What the task requires: Give again, word for word, every line in the entries below from the line with "Giường xông ủ đá hoàng thổ AJ-022" up to and including the line with "Komfort-Doppelzimmer ca. 36 m²", and no other line.

Provided entries:
-.-.-

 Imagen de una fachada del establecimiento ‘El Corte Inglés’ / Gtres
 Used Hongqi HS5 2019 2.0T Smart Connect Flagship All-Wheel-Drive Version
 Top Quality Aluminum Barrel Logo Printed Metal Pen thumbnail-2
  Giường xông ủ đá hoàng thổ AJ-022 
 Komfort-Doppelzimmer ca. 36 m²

-.-.-

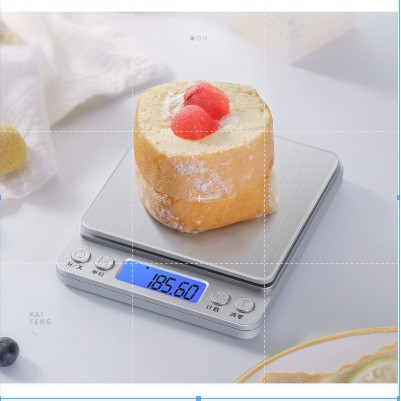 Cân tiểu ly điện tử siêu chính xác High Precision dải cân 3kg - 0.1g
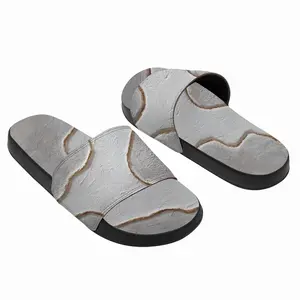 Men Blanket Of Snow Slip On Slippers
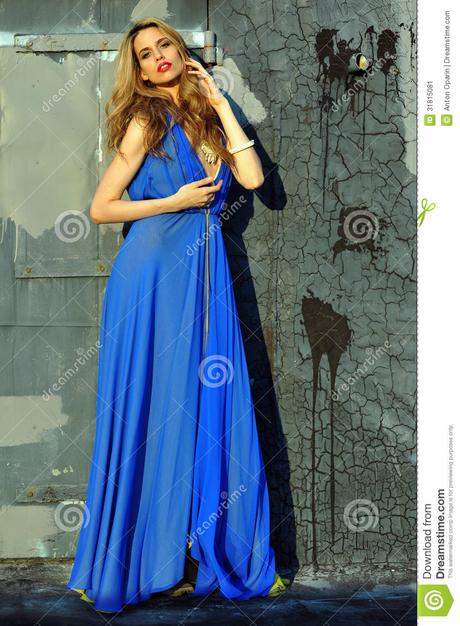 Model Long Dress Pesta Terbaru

-.-.-

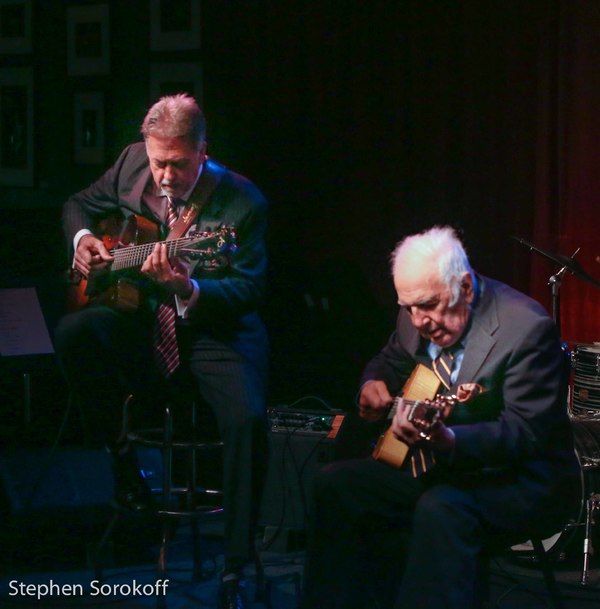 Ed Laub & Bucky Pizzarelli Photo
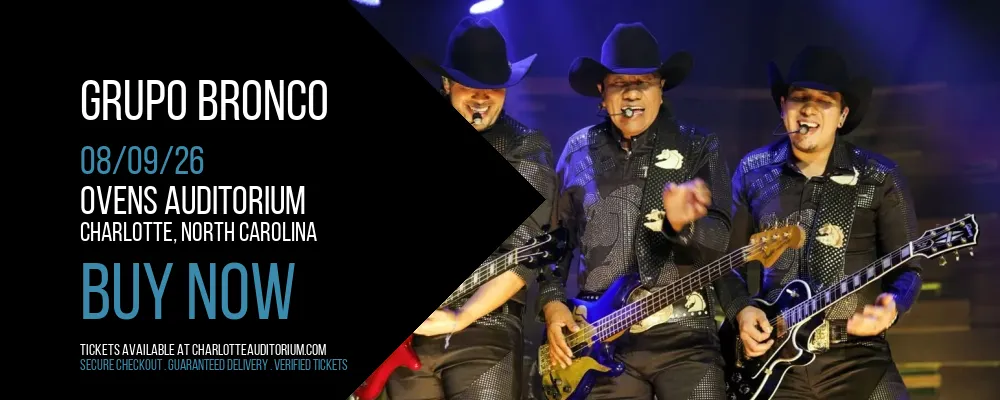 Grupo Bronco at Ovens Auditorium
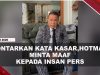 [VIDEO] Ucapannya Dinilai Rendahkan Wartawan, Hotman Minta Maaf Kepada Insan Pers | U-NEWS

-.-.-

Written solution:
  Giường xông ủ đá hoàng thổ AJ-022 
 Komfort-Doppelzimmer ca. 36 m²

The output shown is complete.